The Garbellotto story began in 1775 when Giuseppe Garbellotto opened a carpenter’s workshop, where he also produced wine casks and barrels. He eventually passed the firm on to his son Pietro, and nephew Augusto Emilio.
Business flourished throughout the 1800s, so much so that Karl of Hapsburg, the last Emperor of Austria, commissioned Garbellotto to renovate the wine cellar of his wife, Empress Zita of Bourbon-Parma.
The company prospered in its first location at San Fior, now the family residence, until World War I, when production ceased following occupation by Austrian troops. The building was converted into a military first aid post and all the archives were destroyed; only a few pieces of furniture and some documents survived.
After the war, Giobatta Garbellotto, grandfather of the current owners, transferred the company to Conegliano, where he organised it to new industrial criteria, laying the foundations for future success. During the period between the two wars the business supplied the first cooperative wineries and sent its first exports to the colonies, but Europe was in the throes of the turmoil that led to World War II, during which the company premises were destroyed.

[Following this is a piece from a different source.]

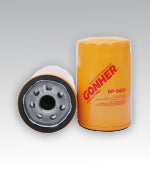 Filtro Aceite Gonher Gp-3429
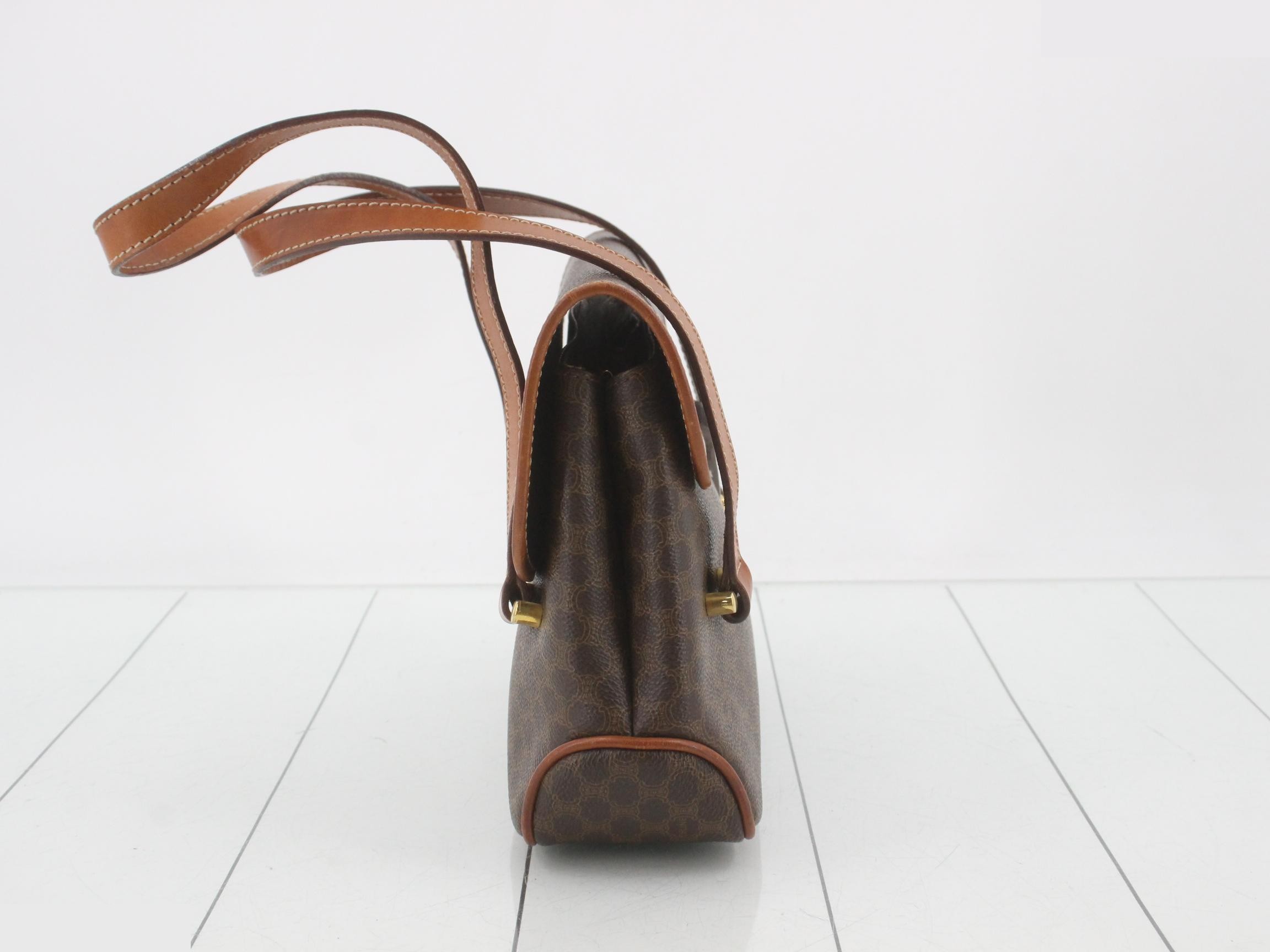 Other lines: Bags and tote bags — view 3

At the end of the war, Pietro and his father Giobatta purchased land flanking the Conegliano by-pass, and built new facilities.
In the sixties and seventies many wineries throughout Italy had to start from scratch and coopers travelled the peninsula to position, mount and test in situ products such as Biondi Santi, Bertani and Kiola medium-sized casks and large distillation vats for important groups such as Branca, Montenegro and Stock.
The company still had a prevalently artisan connotation, but Pietro’s preoccupation was the purchase of timber. He stepped up his journeys in Europe, where he selected the best oak timber, to be sawn in-house at Conegliano. At this point he had decided to add a sawmill to his cooper’s business and sell the wood whose aroma was not suitable for wine. In this way, he was able to purchase large lots of oak timber at bargain prices, reducing his costs and keeping quality high, earning his products the definition of the Rolls Royce of barrels and taking his company to a leading position in Italy.
His business would be mentioned in several books, including by Mario Soldati and Giovanni Comisso, and a visit to the facilities became a must for the students of many Oenology Schools.
The timber trade was fundamental in saving the business in the early 80s, the years of the oil crisis, when consumers changed their drinking tastes, preferring young wines to aged ones, which greatly stressed the industry.
However, recovery was quick: in the USA the Gallo family was preparing to build one of the biggest wine-aging facilities in the world, with 712 x 166 hl vats. This huge order carried business through for a few years and the coopers were happy to light their fires and wield their hammers again.
Pietro, who had already received a knighthood, was named Grand Officer of the Order of Merit of the Republic. He passed away in 2011 at the age of 88, having already placed the business in his sons’ hands. The company developed in these years, when La Botticella®, the link between casks and oak barrels, was successfully launched onto the market, together with The Experience®, a 1,000 litre, self-emptying vat, ideal for fermenting small batches of grapes. The latest generation of Garbellotto coopers have had the satisfaction of two mentions in the Guinness Book of Records for the biggest barrels in the world.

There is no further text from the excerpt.